▶ _RECORDS TO USE_:
[Start of Attachment]

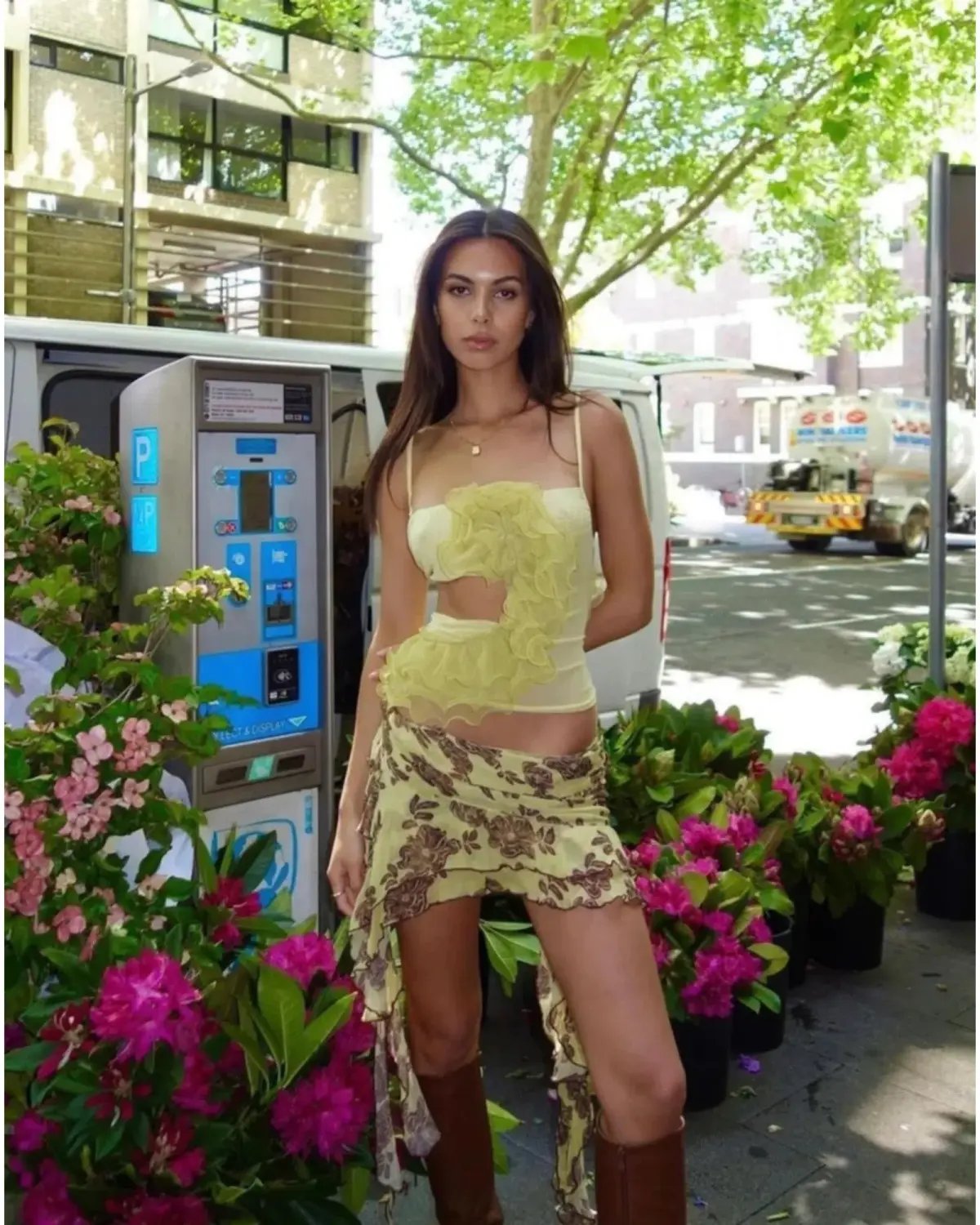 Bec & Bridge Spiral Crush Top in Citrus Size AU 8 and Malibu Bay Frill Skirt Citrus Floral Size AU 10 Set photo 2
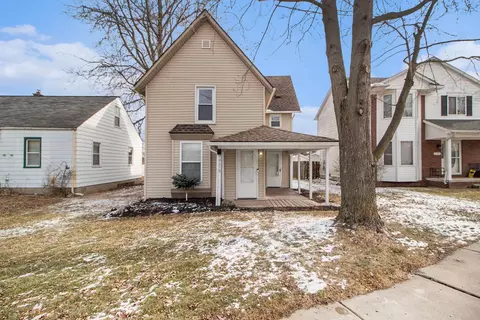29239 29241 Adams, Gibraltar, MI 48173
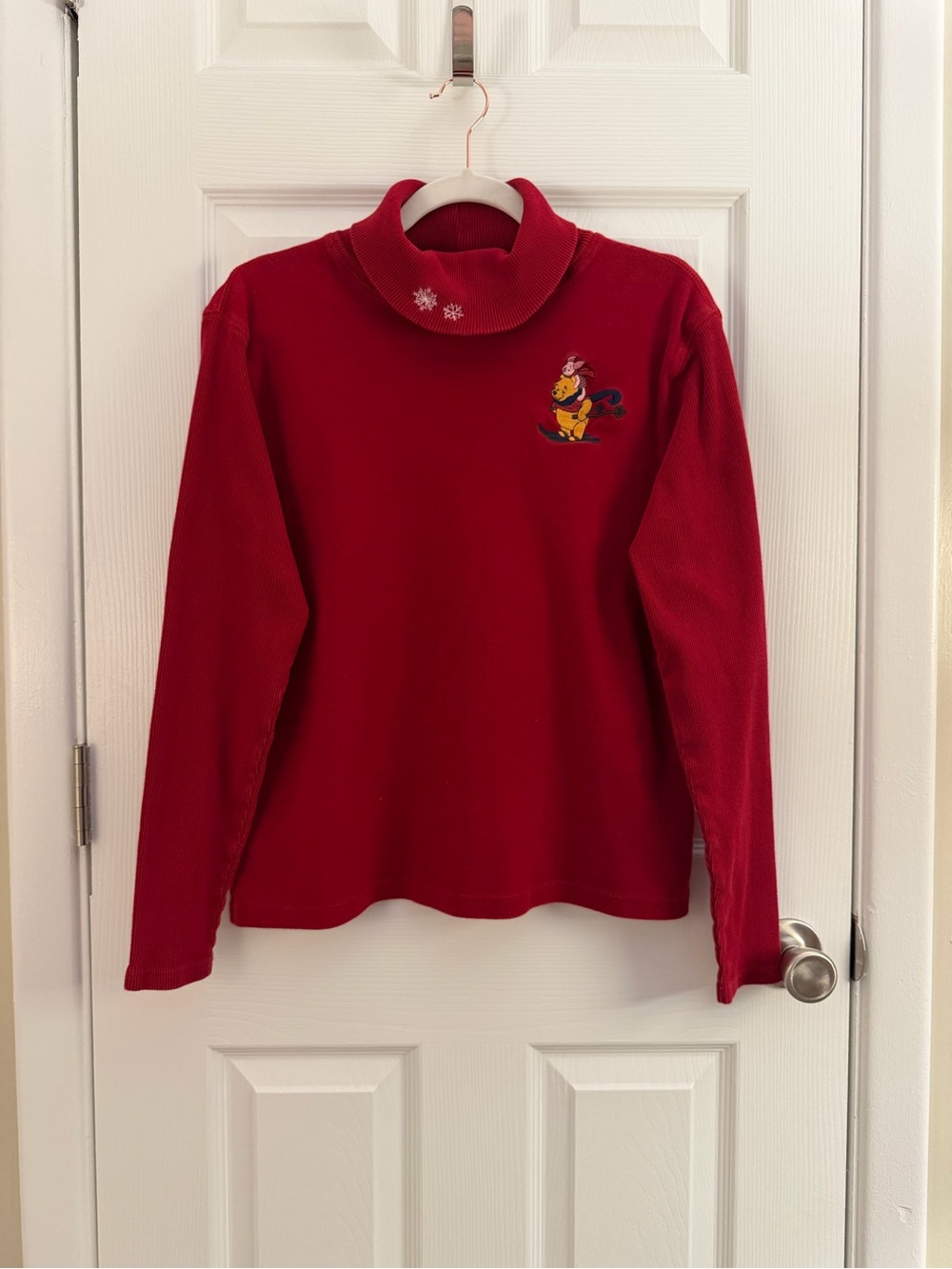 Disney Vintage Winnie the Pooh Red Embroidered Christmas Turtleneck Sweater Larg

[End of Attachment]
[Start of Attachment]

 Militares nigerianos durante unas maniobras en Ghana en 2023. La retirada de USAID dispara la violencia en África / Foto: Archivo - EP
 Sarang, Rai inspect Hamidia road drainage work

[End of Attachment]

▶ _ABOUT THIS EXERCISE_:
Excluding any pictures, print exactly the lines of the listing above from the line with "29239 29241 Adams, Gibraltar, MI 48173" to the line with "Disney Vintage Winnie", both ends included.

▶ _YOUR RESPONSE_:
29239 29241 Adams, Gibraltar, MI 48173
 Disney Vintage Winnie the Pooh Red Embroidered Christmas Turtleneck Sweater Larg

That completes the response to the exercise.